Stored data
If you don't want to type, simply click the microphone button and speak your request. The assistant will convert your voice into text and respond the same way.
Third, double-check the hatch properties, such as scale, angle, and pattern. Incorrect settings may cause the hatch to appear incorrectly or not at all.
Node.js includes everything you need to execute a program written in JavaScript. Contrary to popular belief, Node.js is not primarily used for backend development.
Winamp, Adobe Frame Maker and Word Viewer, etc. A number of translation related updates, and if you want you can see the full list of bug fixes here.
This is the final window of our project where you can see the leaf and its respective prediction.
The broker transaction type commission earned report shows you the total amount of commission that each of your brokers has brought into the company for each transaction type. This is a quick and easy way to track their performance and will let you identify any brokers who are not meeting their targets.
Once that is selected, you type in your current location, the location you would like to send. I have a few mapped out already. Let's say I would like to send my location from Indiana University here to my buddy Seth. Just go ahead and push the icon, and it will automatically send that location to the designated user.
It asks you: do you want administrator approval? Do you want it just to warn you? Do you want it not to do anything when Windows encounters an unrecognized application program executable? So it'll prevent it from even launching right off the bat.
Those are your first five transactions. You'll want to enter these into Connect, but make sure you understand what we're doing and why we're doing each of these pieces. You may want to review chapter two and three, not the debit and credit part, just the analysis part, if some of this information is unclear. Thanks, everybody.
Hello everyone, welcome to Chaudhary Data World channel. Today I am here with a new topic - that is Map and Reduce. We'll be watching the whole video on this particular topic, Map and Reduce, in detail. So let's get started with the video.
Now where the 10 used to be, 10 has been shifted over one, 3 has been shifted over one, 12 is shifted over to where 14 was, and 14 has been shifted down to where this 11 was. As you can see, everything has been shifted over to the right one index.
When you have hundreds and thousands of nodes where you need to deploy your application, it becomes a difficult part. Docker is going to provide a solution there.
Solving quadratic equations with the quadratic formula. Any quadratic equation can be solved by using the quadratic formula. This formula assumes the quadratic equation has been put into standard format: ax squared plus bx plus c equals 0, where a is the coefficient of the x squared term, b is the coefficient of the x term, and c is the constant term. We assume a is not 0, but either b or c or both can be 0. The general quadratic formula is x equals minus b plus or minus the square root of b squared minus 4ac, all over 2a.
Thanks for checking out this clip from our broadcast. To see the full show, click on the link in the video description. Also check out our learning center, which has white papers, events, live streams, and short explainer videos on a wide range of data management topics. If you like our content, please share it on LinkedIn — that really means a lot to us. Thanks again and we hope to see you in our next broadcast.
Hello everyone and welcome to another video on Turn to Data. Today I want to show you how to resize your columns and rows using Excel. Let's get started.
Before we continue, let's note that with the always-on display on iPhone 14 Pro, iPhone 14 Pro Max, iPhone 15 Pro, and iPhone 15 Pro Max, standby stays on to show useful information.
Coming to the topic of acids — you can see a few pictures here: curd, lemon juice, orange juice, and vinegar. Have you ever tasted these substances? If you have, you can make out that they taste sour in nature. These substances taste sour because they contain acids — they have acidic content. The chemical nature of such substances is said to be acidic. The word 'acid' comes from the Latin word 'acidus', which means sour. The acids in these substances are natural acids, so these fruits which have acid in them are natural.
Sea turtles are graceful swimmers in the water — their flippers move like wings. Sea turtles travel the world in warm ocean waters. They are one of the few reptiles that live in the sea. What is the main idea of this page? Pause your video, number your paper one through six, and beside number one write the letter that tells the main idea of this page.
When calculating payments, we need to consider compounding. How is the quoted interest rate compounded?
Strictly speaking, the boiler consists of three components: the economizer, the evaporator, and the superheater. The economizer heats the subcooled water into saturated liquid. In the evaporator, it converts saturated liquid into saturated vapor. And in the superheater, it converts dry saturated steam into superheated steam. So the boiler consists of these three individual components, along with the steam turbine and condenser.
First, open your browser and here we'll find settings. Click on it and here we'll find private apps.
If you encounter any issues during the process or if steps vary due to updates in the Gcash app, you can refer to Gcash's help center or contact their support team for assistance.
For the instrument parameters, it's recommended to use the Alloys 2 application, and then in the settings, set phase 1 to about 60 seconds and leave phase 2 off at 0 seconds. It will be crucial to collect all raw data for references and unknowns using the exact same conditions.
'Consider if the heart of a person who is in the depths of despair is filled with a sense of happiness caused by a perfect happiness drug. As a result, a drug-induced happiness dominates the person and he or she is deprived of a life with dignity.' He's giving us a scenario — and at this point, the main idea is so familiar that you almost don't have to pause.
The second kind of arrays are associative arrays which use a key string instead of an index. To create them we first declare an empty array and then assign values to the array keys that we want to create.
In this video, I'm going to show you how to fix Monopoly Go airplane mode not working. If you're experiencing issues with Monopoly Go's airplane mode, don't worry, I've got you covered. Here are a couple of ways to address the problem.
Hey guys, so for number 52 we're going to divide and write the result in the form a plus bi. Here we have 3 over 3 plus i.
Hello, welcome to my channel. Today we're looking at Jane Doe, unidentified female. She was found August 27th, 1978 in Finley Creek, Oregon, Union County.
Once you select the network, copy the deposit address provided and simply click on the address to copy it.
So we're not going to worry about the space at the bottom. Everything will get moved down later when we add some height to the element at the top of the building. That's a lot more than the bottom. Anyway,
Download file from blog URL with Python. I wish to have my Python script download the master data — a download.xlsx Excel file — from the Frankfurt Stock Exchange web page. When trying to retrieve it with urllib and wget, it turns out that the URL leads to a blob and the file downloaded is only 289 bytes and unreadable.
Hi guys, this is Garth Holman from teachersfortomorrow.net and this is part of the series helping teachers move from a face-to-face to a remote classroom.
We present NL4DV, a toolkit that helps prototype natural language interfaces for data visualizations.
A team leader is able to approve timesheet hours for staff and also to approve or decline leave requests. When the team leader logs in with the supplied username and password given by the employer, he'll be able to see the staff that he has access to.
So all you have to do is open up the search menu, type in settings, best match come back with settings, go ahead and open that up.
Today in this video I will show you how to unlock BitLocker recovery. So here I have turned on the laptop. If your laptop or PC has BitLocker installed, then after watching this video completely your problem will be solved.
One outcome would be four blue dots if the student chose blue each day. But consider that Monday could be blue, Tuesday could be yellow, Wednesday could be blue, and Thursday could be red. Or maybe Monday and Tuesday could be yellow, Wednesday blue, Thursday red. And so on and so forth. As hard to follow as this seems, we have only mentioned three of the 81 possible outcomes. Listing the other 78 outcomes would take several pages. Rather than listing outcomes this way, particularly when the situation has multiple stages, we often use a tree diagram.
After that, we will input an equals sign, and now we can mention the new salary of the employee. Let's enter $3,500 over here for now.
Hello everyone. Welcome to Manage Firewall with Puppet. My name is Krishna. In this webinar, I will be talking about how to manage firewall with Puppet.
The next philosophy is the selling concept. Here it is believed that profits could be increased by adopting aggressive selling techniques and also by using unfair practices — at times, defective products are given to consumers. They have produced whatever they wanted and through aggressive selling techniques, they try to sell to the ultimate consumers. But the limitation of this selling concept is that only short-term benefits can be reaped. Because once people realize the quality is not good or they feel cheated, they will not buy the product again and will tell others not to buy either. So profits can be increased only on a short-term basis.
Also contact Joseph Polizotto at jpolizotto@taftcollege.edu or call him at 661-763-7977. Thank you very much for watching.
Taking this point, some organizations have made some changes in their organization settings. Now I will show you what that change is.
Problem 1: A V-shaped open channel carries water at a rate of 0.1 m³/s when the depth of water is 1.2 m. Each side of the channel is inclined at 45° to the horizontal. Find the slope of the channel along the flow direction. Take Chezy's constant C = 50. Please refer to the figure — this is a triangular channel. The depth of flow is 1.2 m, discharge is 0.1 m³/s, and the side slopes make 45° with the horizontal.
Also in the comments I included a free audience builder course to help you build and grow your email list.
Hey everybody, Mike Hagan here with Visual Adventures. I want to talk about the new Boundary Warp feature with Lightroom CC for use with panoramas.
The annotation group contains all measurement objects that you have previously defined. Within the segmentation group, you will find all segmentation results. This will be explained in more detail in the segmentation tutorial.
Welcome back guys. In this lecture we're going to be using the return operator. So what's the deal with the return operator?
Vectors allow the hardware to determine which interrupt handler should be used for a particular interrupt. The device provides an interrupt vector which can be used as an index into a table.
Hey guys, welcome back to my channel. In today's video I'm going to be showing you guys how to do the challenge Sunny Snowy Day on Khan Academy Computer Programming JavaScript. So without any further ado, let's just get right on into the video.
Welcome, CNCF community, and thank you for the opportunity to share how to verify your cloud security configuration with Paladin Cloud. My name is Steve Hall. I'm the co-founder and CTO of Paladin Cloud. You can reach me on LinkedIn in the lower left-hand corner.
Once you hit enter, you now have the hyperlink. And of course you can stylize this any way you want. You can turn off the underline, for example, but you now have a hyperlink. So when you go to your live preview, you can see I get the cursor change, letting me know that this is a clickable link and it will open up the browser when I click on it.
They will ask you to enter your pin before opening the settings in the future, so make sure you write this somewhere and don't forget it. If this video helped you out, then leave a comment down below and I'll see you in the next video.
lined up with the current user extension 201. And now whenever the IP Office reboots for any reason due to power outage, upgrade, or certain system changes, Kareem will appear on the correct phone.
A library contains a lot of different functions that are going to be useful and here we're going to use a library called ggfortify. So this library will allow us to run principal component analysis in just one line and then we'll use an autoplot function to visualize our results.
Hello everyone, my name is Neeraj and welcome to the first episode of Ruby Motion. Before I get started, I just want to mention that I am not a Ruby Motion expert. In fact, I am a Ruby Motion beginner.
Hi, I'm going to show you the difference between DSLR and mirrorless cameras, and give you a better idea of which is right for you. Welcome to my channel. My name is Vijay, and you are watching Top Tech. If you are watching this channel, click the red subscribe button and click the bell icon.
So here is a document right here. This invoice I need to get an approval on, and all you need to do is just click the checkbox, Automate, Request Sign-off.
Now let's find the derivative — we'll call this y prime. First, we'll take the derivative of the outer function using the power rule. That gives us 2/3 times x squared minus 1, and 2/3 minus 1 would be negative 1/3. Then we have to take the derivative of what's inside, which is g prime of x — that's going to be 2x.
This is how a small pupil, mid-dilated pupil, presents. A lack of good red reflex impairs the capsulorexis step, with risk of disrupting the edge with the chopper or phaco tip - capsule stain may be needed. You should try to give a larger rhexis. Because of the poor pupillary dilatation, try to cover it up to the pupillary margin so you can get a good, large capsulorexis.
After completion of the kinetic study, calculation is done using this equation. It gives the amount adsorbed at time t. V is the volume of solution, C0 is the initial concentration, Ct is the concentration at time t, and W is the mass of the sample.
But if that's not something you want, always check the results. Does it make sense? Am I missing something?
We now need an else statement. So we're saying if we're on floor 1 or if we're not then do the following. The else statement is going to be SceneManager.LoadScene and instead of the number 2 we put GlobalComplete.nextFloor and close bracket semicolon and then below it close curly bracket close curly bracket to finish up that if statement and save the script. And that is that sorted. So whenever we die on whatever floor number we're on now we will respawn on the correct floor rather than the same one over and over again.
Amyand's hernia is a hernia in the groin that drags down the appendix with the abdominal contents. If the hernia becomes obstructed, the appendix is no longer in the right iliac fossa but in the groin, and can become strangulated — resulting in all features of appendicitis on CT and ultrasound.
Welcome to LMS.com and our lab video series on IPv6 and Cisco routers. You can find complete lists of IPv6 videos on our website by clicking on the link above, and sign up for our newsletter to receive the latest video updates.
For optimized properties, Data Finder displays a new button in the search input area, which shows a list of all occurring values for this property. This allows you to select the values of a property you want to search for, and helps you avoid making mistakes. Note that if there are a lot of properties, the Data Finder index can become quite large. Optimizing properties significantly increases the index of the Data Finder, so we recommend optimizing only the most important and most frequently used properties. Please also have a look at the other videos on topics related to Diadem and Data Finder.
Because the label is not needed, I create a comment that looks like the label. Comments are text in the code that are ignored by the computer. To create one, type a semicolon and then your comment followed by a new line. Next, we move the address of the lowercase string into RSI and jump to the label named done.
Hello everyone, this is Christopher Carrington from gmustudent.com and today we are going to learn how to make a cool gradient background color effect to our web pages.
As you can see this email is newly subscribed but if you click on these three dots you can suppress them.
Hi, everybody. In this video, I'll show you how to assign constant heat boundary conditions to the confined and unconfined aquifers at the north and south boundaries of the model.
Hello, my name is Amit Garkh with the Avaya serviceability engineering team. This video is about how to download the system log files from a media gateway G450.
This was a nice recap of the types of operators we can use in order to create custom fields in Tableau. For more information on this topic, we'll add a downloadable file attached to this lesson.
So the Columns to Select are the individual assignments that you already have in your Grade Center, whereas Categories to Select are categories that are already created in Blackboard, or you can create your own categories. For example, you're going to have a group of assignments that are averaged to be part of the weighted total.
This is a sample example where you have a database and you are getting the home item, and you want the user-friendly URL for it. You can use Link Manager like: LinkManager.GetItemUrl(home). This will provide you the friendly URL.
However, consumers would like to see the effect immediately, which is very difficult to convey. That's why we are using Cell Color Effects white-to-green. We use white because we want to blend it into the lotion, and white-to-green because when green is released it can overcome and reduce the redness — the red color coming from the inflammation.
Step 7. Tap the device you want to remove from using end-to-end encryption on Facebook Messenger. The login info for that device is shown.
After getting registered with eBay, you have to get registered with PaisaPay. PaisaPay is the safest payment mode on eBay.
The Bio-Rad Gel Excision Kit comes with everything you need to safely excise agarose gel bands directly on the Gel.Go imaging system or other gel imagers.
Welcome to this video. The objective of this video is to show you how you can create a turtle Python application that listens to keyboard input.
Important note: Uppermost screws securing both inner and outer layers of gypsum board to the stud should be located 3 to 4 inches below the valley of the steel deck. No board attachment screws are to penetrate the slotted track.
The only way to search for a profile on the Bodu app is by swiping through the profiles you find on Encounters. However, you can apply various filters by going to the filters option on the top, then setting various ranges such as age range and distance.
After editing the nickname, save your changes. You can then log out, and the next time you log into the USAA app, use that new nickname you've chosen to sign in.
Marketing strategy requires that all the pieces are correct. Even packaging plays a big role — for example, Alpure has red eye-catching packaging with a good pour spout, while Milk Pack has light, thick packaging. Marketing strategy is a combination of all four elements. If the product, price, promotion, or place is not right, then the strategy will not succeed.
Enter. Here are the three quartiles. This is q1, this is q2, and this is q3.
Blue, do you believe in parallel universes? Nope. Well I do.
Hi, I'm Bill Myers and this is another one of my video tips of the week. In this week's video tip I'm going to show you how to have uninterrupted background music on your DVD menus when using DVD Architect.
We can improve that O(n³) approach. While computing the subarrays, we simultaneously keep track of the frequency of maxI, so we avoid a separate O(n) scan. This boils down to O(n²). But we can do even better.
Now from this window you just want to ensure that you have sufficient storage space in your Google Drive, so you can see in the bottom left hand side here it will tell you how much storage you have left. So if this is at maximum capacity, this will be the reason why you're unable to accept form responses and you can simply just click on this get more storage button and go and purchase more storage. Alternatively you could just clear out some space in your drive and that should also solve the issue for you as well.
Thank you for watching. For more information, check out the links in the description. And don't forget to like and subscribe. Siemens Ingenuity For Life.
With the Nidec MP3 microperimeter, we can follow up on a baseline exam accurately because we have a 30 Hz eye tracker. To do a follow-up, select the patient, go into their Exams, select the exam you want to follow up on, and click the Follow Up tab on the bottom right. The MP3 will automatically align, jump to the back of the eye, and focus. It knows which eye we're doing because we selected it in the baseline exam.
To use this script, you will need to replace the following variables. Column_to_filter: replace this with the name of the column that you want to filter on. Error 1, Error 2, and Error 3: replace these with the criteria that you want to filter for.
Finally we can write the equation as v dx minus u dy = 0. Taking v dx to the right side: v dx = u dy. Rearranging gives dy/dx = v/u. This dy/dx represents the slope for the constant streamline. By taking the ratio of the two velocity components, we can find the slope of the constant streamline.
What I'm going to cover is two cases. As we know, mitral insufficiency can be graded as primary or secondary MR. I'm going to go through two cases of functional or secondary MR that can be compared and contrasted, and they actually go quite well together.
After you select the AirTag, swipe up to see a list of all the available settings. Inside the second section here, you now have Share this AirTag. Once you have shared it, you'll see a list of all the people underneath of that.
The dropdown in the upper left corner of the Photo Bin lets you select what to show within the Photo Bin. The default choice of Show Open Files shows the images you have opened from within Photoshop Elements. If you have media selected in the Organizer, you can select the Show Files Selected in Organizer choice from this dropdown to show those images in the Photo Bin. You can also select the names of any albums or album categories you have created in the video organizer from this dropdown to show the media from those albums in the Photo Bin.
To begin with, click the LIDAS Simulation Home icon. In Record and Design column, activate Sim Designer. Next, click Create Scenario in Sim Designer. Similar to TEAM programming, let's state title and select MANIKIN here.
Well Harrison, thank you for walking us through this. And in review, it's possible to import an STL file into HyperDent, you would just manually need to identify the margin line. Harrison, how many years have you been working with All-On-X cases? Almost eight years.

* Your objective *
From the line that has "This is the" through the line that has "Hello everyone, welcome", copy every line exactly as it appears above, and leave out all others.

* Expected output *
This is the final window of our project where you can see the leaf and its respective prediction.
The broker transaction type commission earned report shows you the total amount of commission that each of your brokers has brought into the company for each transaction type. This is a quick and easy way to track their performance and will let you identify any brokers who are not meeting their targets.
Once that is selected, you type in your current location, the location you would like to send. I have a few mapped out already. Let's say I would like to send my location from Indiana University here to my buddy Seth. Just go ahead and push the icon, and it will automatically send that location to the designated user.
It asks you: do you want administrator approval? Do you want it just to warn you? Do you want it not to do anything when Windows encounters an unrecognized application program executable? So it'll prevent it from even launching right off the bat.
Those are your first five transactions. You'll want to enter these into Connect, but make sure you understand what we're doing and why we're doing each of these pieces. You may want to review chapter two and three, not the debit and credit part, just the analysis part, if some of this information is unclear. Thanks, everybody.
Hello everyone, welcome to Chaudhary Data World channel. Today I am here with a new topic - that is Map and Reduce. We'll be watching the whole video on this particular topic, Map and Reduce, in detail. So let's get started with the video.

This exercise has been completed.